What Are Crawl Errors?

Crawling is the process wherein a search engine sends a bot or a “web crawler” to a website so that it can add the website and its crawlable pages to the search engine’s index of websites. Pages that aren’t in a search engine’s index won’t show up in that search engine’s results pages.

Crawl errors happen when these web crawlers (sometimes called spiders) fail to access pages on your website.
There are different kinds of crawl errors with varying ranges of severity, but it’s in your best interest to fix these errors ASAP. If your pages aren’t showing up in the SERPs, that’s a lot of traffic and business opportunities you’re missing out on.

Crawl errors are categorised into two types: site errors and URL errors.

Site Errors

Crawl errors that affect your entire website are considered as site errors. Having a site error is an urgent problem, as that means search engines can’t crawl any part of your site.

Site errors are generally caused by the following reasons:

1. DNS Errors

Search engine crawlers have to connect to your site’s DNS server before they can access your site. A failure to make that connection results in DNS errors. These errors can be further subcategorised into the following:

  • DNS timeout — Your DNS server didn’t respond to a search engine’s crawl request fast enough.
  • DNS lookup — Your DNS server couldn’t find your domain name after responding to the search engine’s crawl request.

These kinds of errors are usually temporary, but if they don’t go away by themselves, you should contact your DNS provider.

2. Server Errors

If search engine bots can connect to your website’s DNS server and find its domain name but still can’t load any of its pages, it’s most likely a server error that’s causing the issue.

There are plenty of reasons why a server error happens, but the most common one is that your site’s server takes too long to respond to a search engine crawler’s request.

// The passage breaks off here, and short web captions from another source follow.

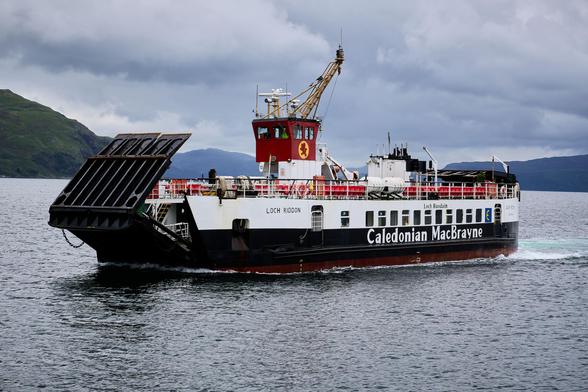 A ferry with 'Caledonian MacBrayne' written on its side moves through calm waters. The deck is visible with lifeboats and railings. Hills and a cloudy sky form the backdrop.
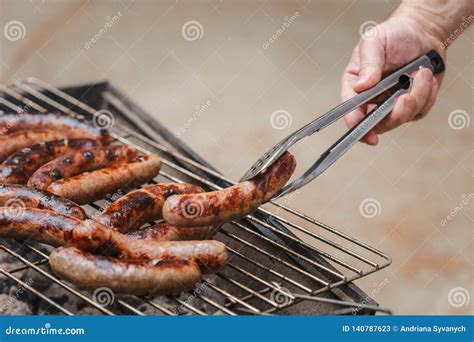 Grilling Sausages On Barbecue Grill Outdoor Stock Image Image Of Lawn Barbecuing 140787623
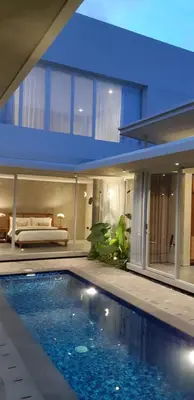 a house with a swimming pool in front of it at Villa Mandja - Stunning architect-designed 3BR villa in Petitenget in Seminyak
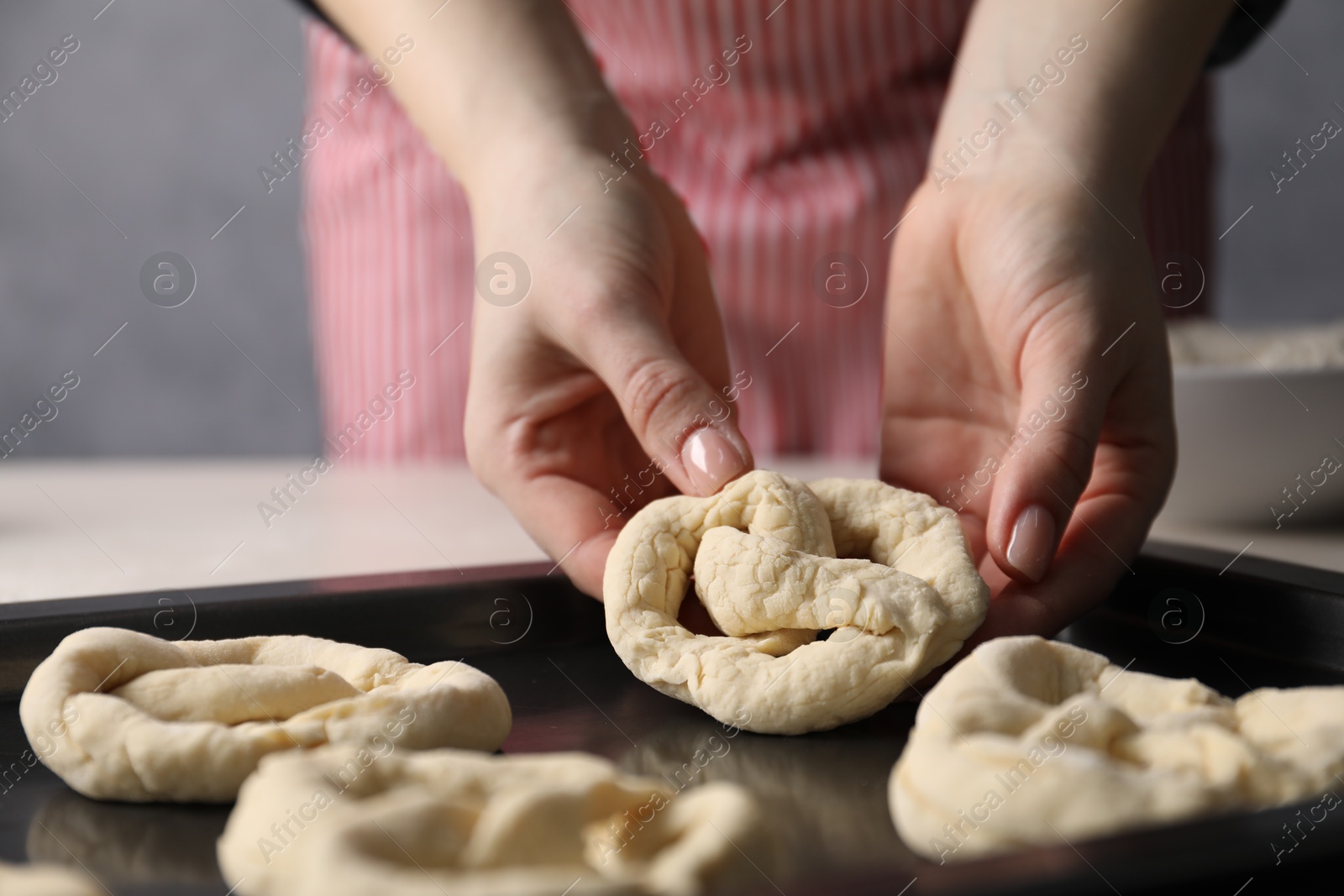 Photo of Woman putting salt onto raw pretzels at white table, closeup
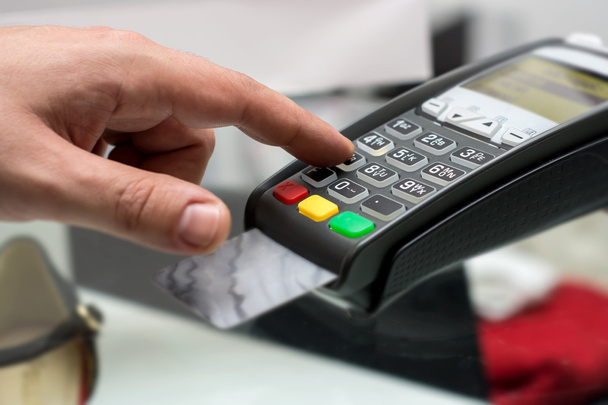 Credit or debit card password payment. Customer hand is entering - Foto, Imagem
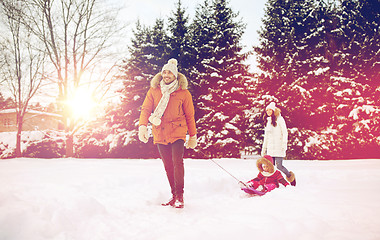 Image showing happy family with sled walking in winter outdoors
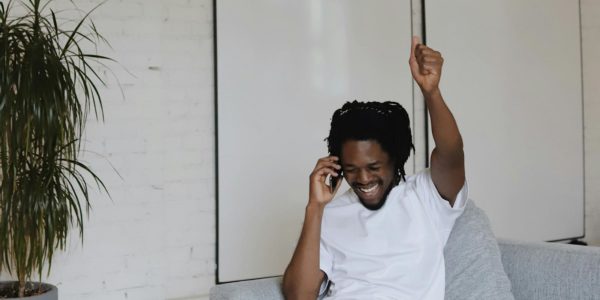 Man_Cheers A man sits on the couch on the phone with a happy expression and fist in the air.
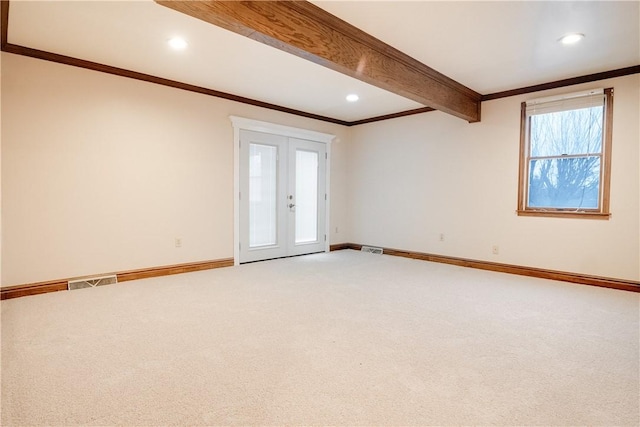 unfurnished room with carpet, french doors, and beamed ceiling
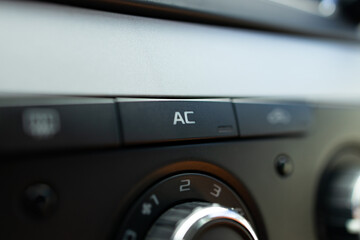 Fototapeta premium Car ac air turn on off button close up. auto air conditioning repair service concept
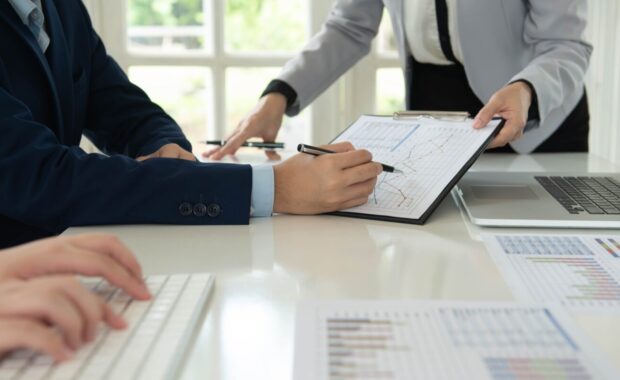 analyst checking in financial statement for audit internal control system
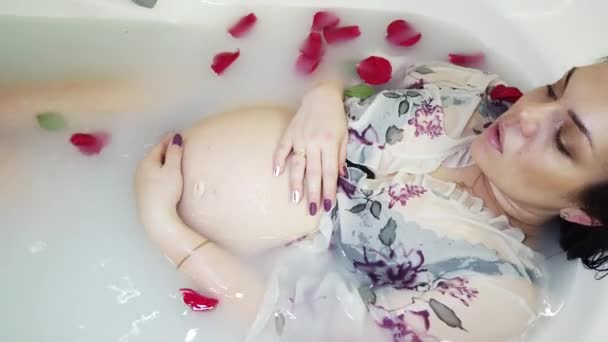 İç çamaşırlı hamile kız süt ve gül yapraklarıyla banyo yapıyor. — Stok video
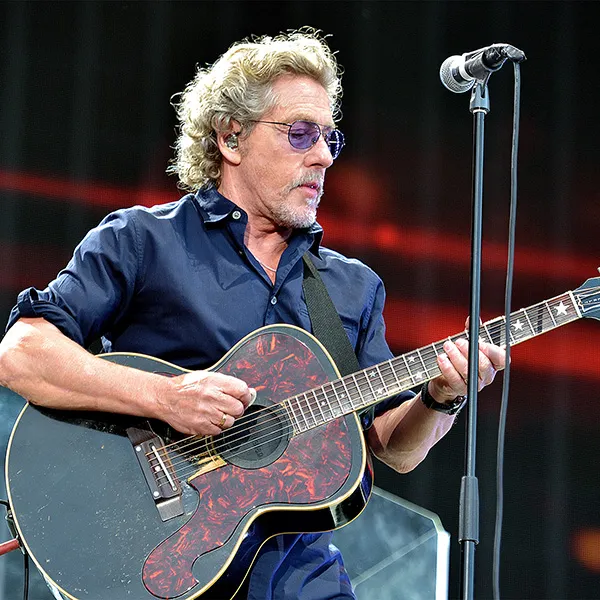 Roger Daltrey playing guitar on stage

Way too long response times usually means your site is getting way too much traffic for the server to handle or there are problems in your site’s code.

3. Robots.txt failure

A robots.txt file tells search engine crawlers what pages in a website to avoid indexing. If crawlers detect the presence of a robots.txt file, they will check it first before doing anything else. If the robots.txt file can’t be loaded, the entire site won’t be indexed.

If you are using a robots.txt file, make sure it is properly configured to prevent this problem. It is actually better to have no robots.txt file at all if you are okay with search engines crawling each page on your site, just to avoid the issue altogether.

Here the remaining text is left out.